“O governo precisa tomar um chacoalhão”, sugeriu à repórter Vera Rosa o ex-presidente da Câmara dos Deputados João Paulo Cunha. Integrante da velha-guarda do Partido dos Trabalhadores (PT), Cunha pregou ao Estadão a necessidade de reformulação do partido após os maus resultados das eleições municipais, assim como a importância de o governo do presidente Lula da Silva “entender os sinais que estão aparecendo na sociedade” e corrigir seus problemas para enfrentar os próximos dois anos – leia-se: preparar o terreno para a disputa presidencial de 2026.
Foi mais uma entre muitas análises que expressam a perplexidade de um partido, o PT, e da esquerda marxista, que vê o mundo exclusivamente sob o prisma da luta de classes, diante da hemorragia de votos e de simpatia em setores antes tidos como cativos. Hoje, para resumir, o Partido dos Trabalhadores não representa os trabalhadores, apenas os sindicatos – que, na datação do mundo do trabalho, estão na idade da pedra.

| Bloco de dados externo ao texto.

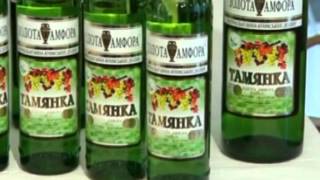 Конкурс виноградарей ТМ"Золотая Амфора" 2008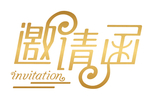 邀请函字体 邀请函设计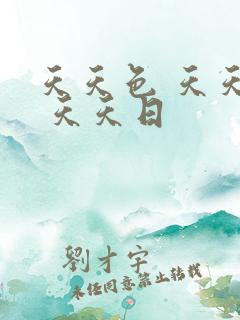 天天色 天天操 天天日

Cunha ecoou o que Lula já reconhecera dias antes. “Temos que rediscutir o papel do PT”, avaliou o presidente ante derrotas fragorosas no Brasil. Ao seu estilo, Lula sugeriu a “rediscussão” do papel do seu partido, como se ele próprio não fosse responsável pela crise, ao interditar a renovação e ao atrelar o PT a imperativos puramente eleitorais. Mesmo os petistas mais empedernidos admitem que o resultado das eleições municipais foi péssimo se comparado a anos como 2012, quando também ocupava a Presidência, e um sinal evidente da desidratação da esquerda, da consolidação da direita e da relativa diluição da polarização entre o lulopetismo e o bolsonarismo.
As agruras lulopetistas, contudo, não têm a menor importância para o Brasil. O que, sim, interessa é observar que não é bom para o País que haja qualquer hegemonia política, nem à esquerda nem à direita, razão pela qual a esquerda precisa se livrar do lulopetismo e das cansativas batalhas identitárias do psolismo e se modernizar, para que, como social-democracia, volte a ter relevância no debate público contra uma direita que, de modo inteligente, captou as aflições e os desejos da maioria do eleitorado.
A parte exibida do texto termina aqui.